[Caption-style text data]
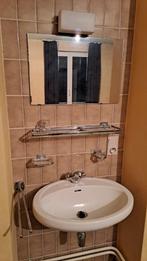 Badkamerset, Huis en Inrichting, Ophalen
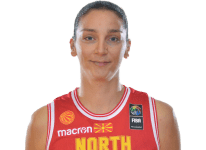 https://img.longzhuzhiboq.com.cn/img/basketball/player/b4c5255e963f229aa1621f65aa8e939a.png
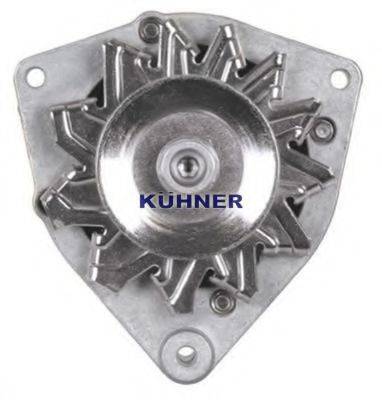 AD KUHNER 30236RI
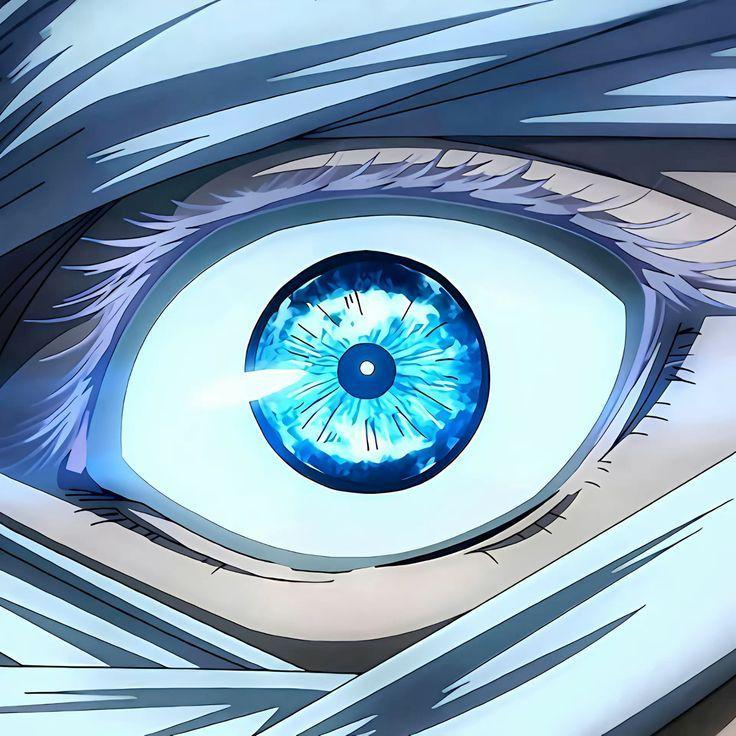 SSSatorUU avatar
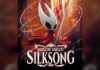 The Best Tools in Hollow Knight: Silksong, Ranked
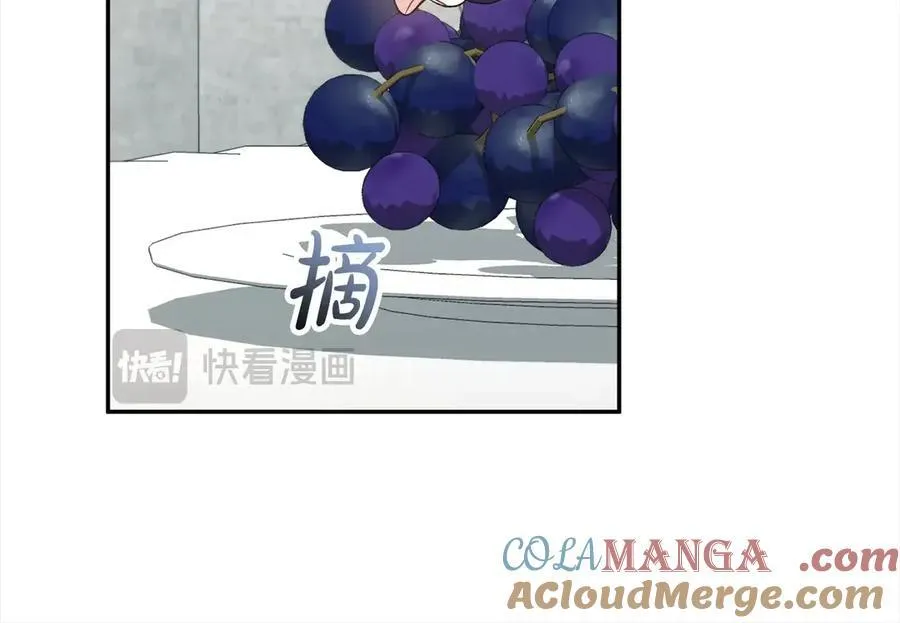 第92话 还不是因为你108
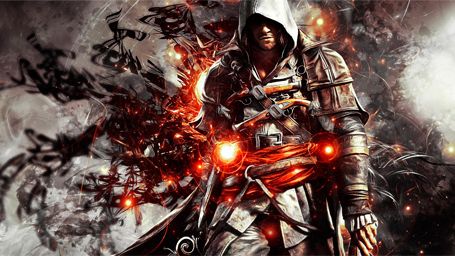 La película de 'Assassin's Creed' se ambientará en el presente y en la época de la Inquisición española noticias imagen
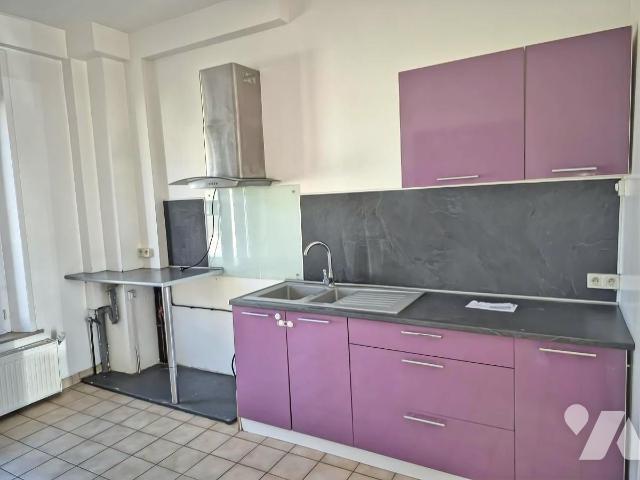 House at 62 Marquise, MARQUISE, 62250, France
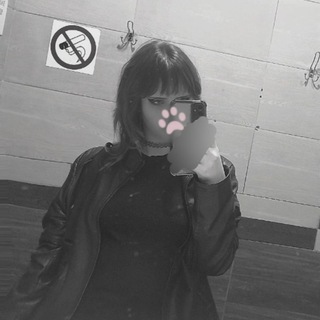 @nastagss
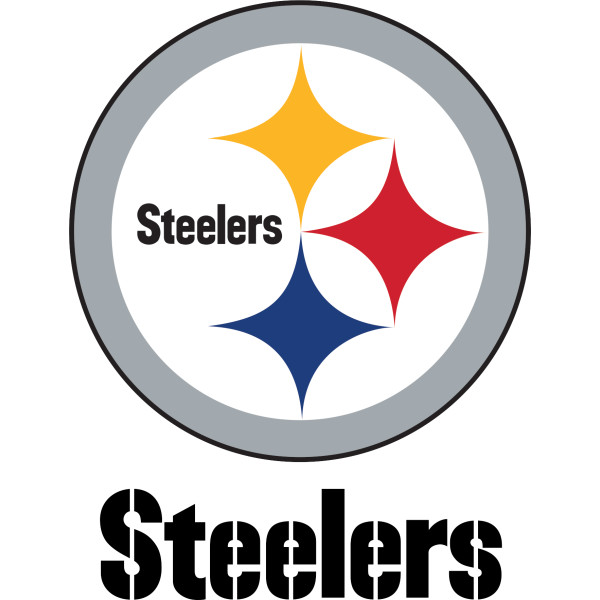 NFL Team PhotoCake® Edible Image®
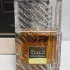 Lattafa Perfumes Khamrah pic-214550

▶ **PROBLEM STATEMENT**:
Repeat every entry above word for word, and include no pictures.

▶ **SOLUTION**:
 Badkamerset, Huis en Inrichting, Ophalen
 https://img.longzhuzhiboq.com.cn/img/basketball/player/b4c5255e963f229aa1621f65aa8e939a.png
 AD KUHNER 30236RI
 SSSatorUU avatar
 The Best Tools in Hollow Knight: Silksong, Ranked
 第92话 还不是因为你108
 La película de 'Assassin's Creed' se ambientará en el presente y en la época de la Inquisición española noticias imagen
 House at 62 Marquise, MARQUISE, 62250, France
 @nastagss
 NFL Team PhotoCake® Edible Image®
 Lattafa Perfumes Khamrah pic-214550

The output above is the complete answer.